**What is expected**.
Only those lines in the data below from the line containing "L-R Cpl Skeens, Carl" through the line containing "Members of the", both included, should be restated word for word.

**Provided data**.
------------------------
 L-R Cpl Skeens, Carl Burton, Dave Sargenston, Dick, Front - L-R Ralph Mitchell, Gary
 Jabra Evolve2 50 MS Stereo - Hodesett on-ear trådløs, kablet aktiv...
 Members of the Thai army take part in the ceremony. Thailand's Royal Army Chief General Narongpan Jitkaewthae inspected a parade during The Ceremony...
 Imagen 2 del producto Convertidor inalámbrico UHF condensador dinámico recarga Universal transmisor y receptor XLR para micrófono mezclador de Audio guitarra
------------------------
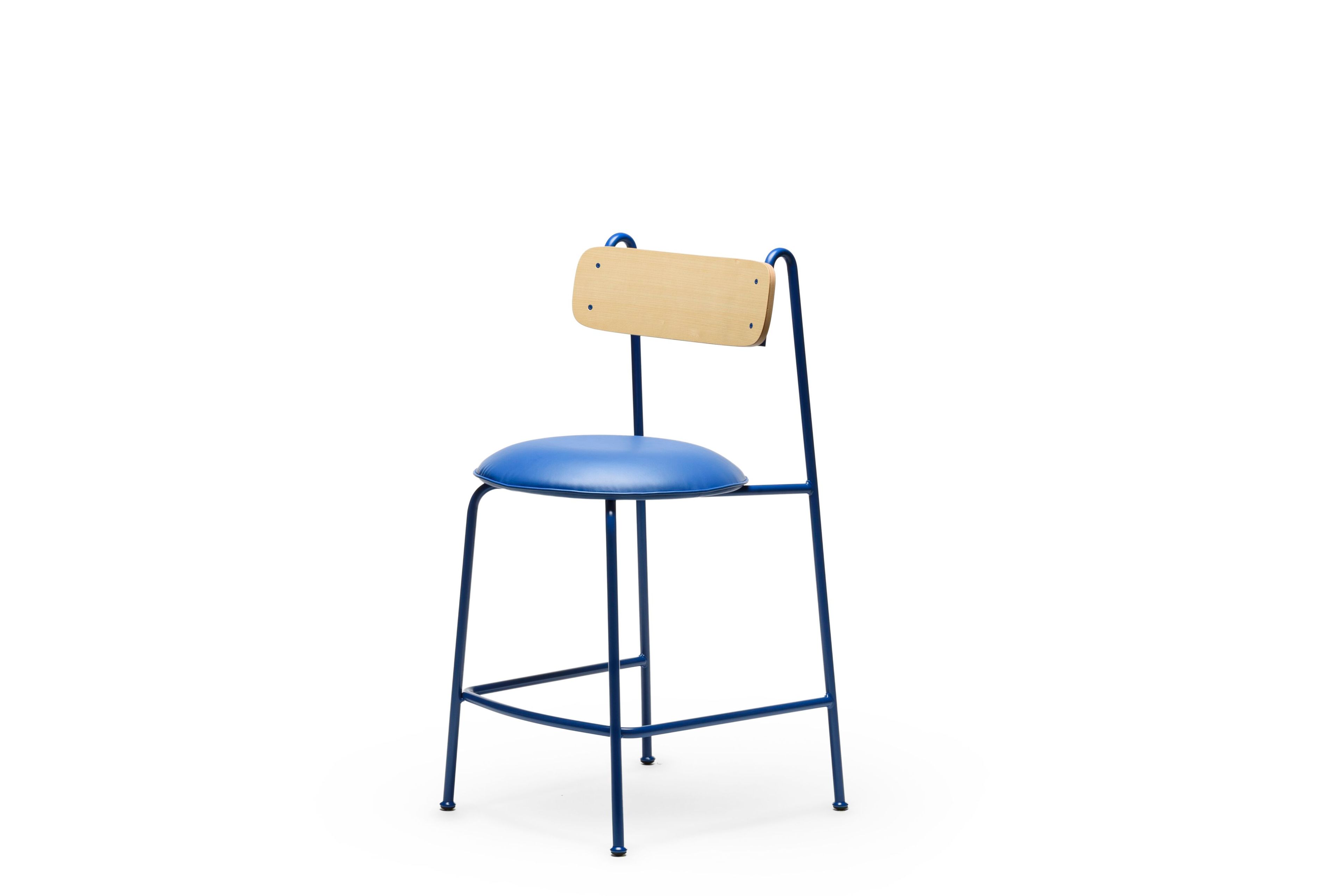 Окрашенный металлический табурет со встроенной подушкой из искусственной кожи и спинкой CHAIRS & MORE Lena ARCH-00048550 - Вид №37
------------------------
**Answer to this problem**.
 L-R Cpl Skeens, Carl Burton, Dave Sargenston, Dick, Front - L-R Ralph Mitchell, Gary
 Jabra Evolve2 50 MS Stereo - Hodesett on-ear trådløs, kablet aktiv...
 Members of the Thai army take part in the ceremony. Thailand's Royal Army Chief General Narongpan Jitkaewthae inspected a parade during The Ceremony...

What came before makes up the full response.